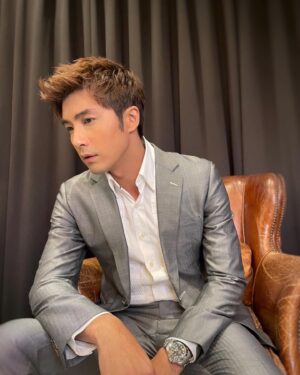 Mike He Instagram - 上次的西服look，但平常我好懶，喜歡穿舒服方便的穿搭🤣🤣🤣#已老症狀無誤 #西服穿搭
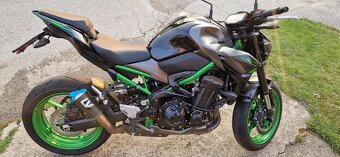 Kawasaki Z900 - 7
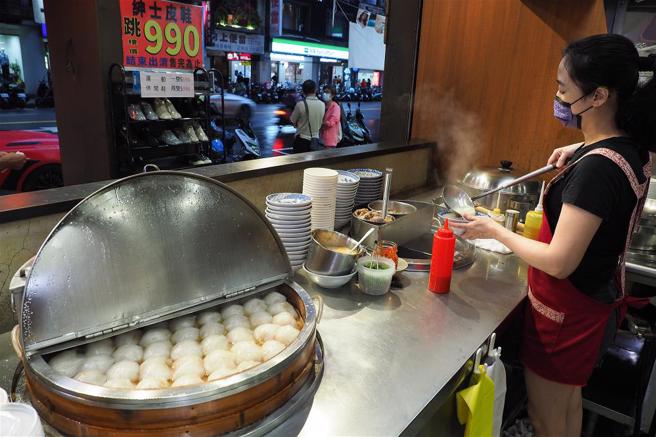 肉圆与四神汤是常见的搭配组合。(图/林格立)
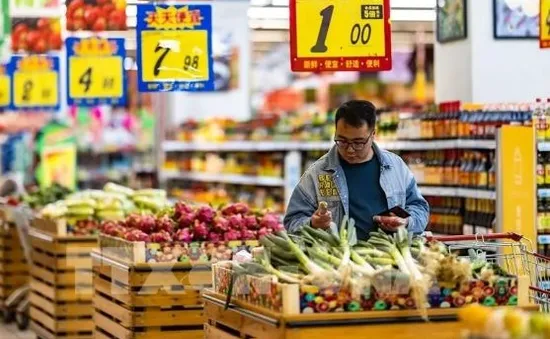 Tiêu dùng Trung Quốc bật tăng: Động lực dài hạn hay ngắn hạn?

* * *

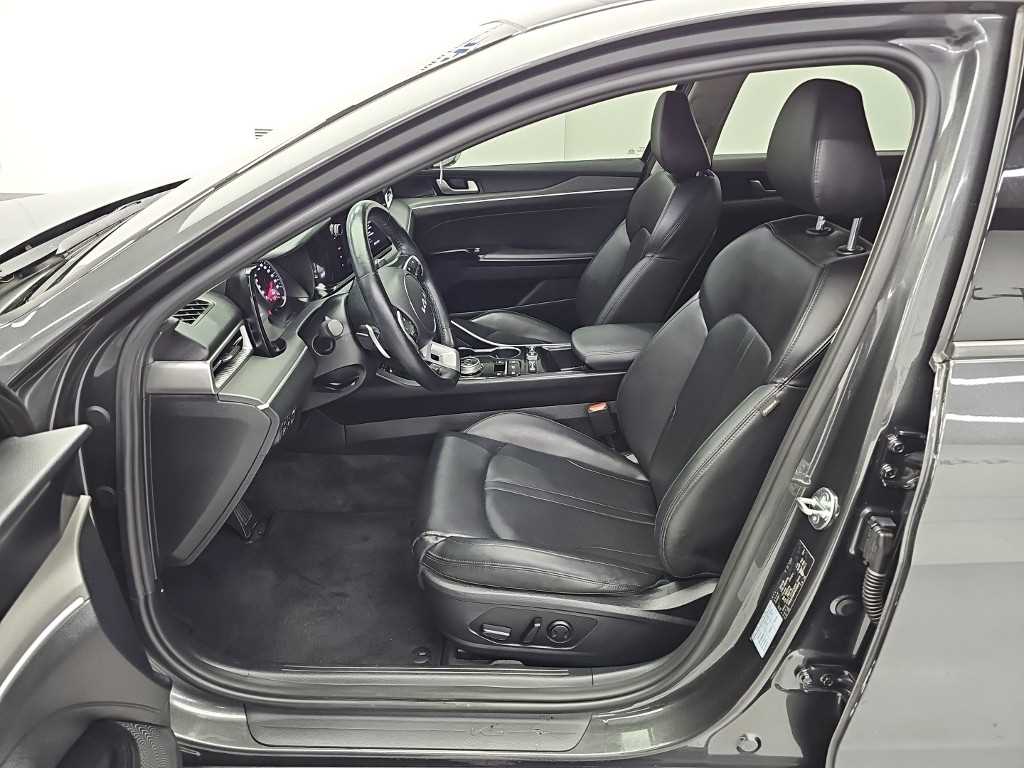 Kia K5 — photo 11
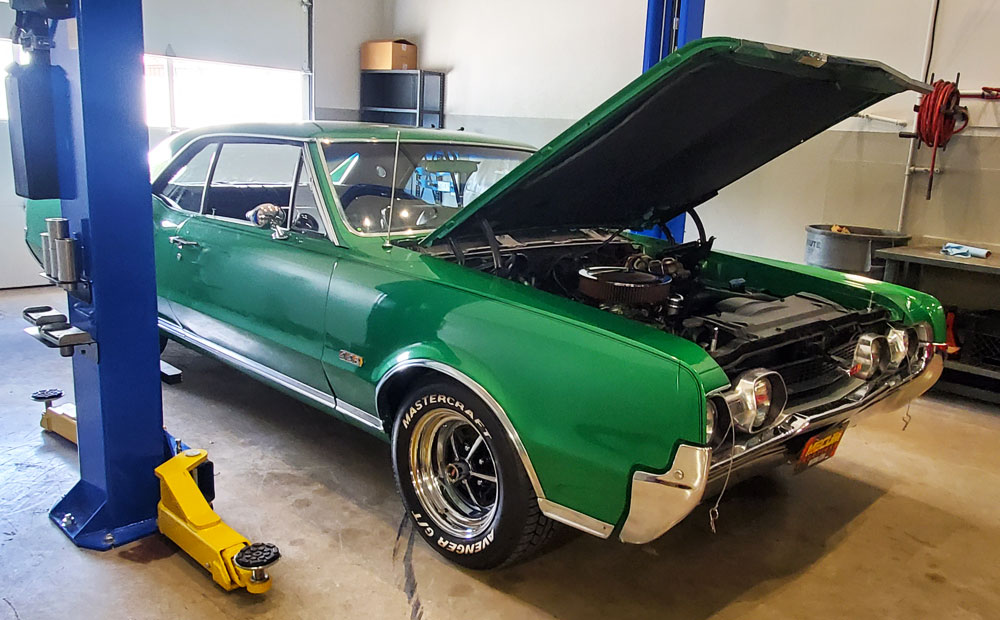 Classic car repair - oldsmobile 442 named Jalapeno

**YOUR GOAL**
Of all the material above, only the lines from the one that has "Mike He Instagram" down to the one that has "Tiêu dùng Trung" are to be written out, exactly and with both ends included. Pictures are skipped.

**SOLUTION BELOW**
 Mike He Instagram - 上次的西服look，但平常我好懶，喜歡穿舒服方便的穿搭🤣🤣🤣#已老症狀無誤 #西服穿搭
 Kawasaki Z900 - 7
 肉圆与四神汤是常见的搭配组合。(图/林格立)
 Tiêu dùng Trung Quốc bật tăng: Động lực dài hạn hay ngắn hạn?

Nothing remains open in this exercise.